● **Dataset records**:

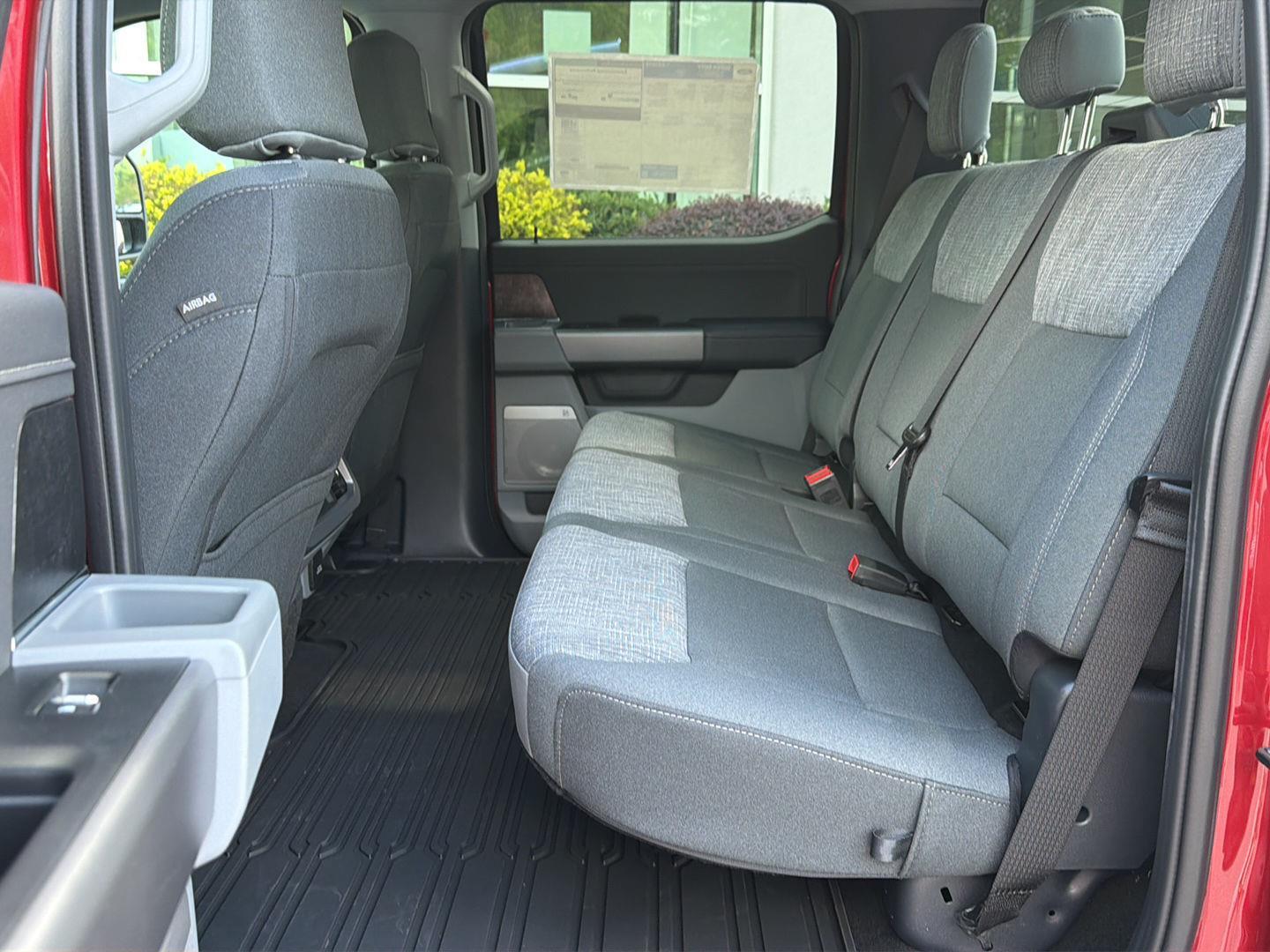 2026 Ford F-250 Super Duty XLT - Photo 14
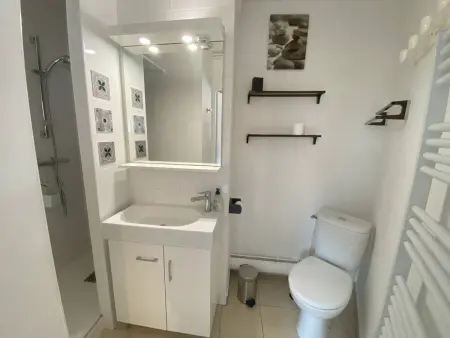 Appartement à Perros-Guirec avec Balcon Vue Mer et WIFI - Photo 8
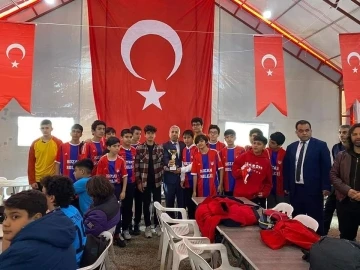 Okullar arası futbol müsabakaları tamamlandı
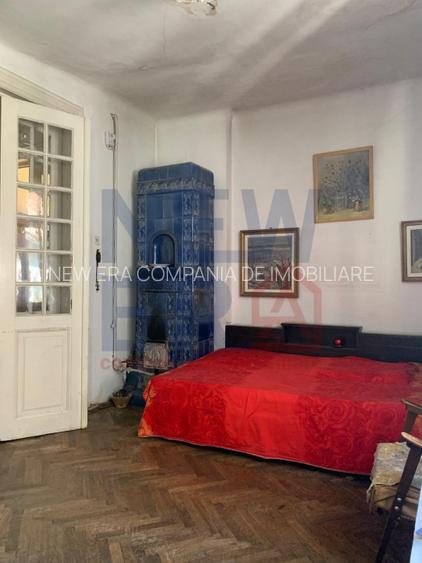 De vanzare 2 camere in vila interbelica, curte comuna zona Armeneasca - 13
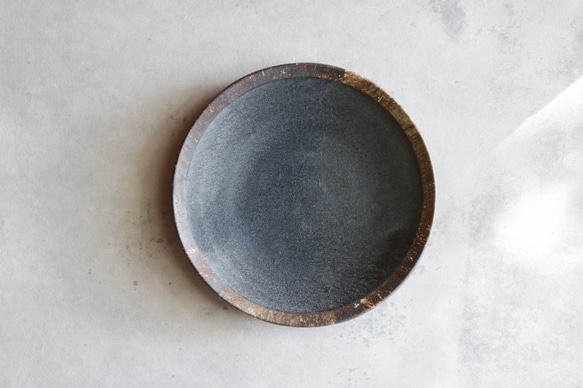 伊豆土リムの八寸皿（黒釉） 1枚目の画像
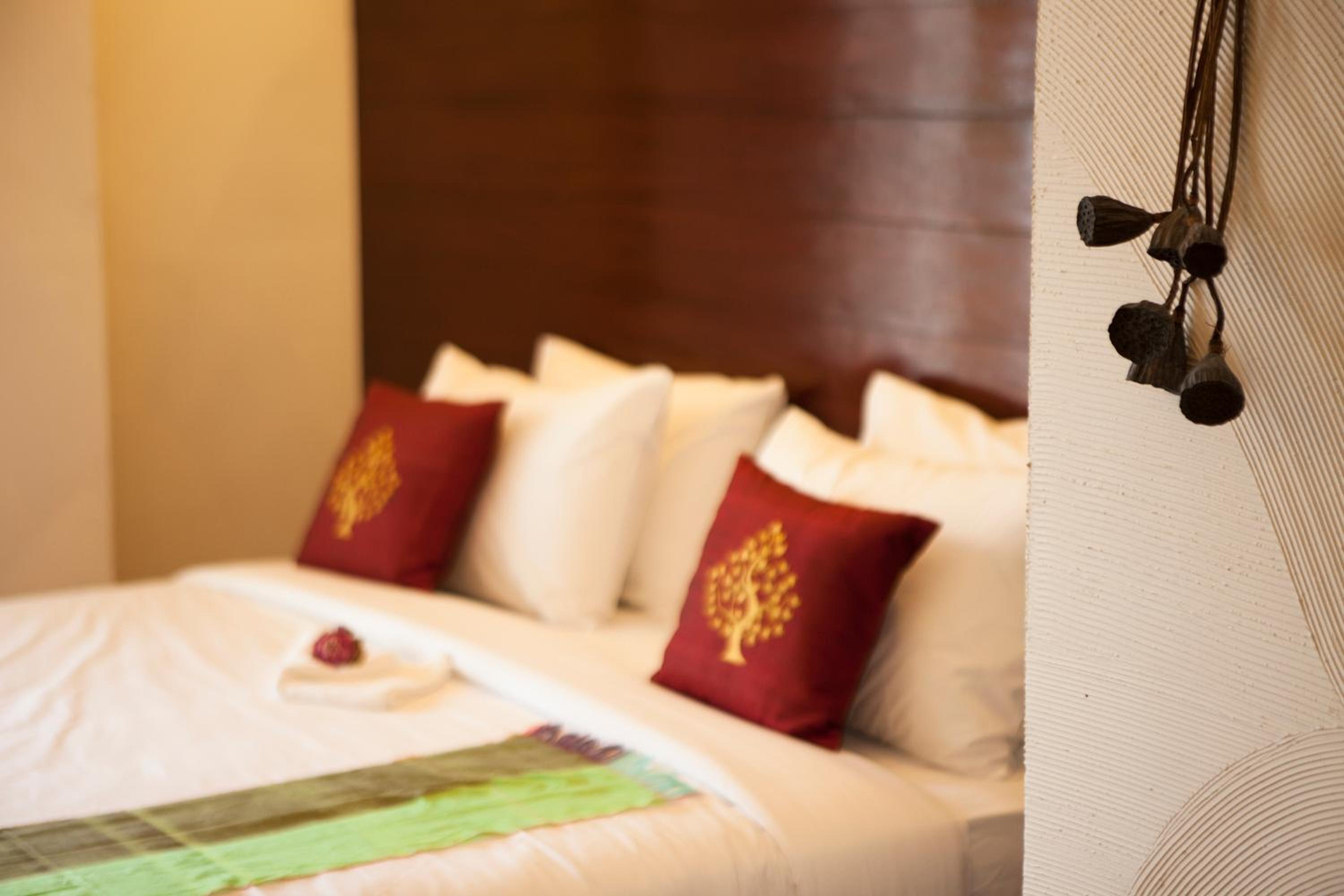 Suite with Balcony - Photo 4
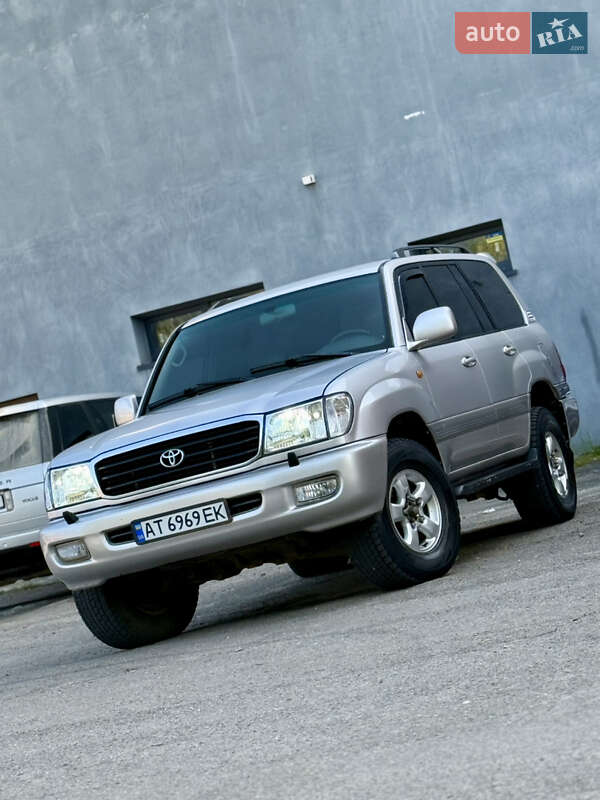 Toyota Land Cruiser 2002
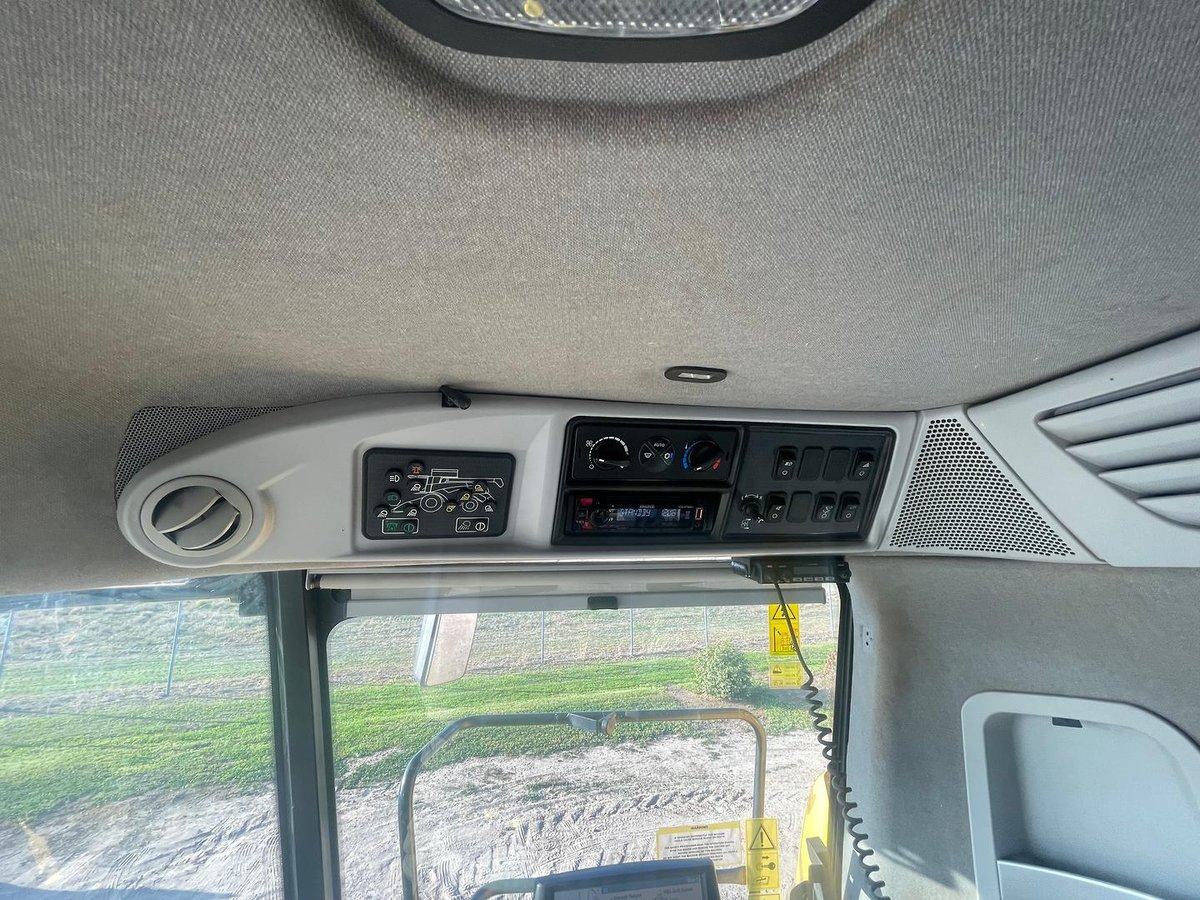 2017 New Holland Cr990 image 15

● **EXERCISE PROMPT**: Give the entries above again exactly, minus their pictures.

● **WRITTEN SOLUTION**:
 2026 Ford F-250 Super Duty XLT - Photo 14
 Appartement à Perros-Guirec avec Balcon Vue Mer et WIFI - Photo 8
 Okullar arası futbol müsabakaları tamamlandı
 De vanzare 2 camere in vila interbelica, curte comuna zona Armeneasca - 13
 伊豆土リムの八寸皿（黒釉） 1枚目の画像
 Suite with Balcony - Photo 4
 Toyota Land Cruiser 2002
 2017 New Holland Cr990 image 15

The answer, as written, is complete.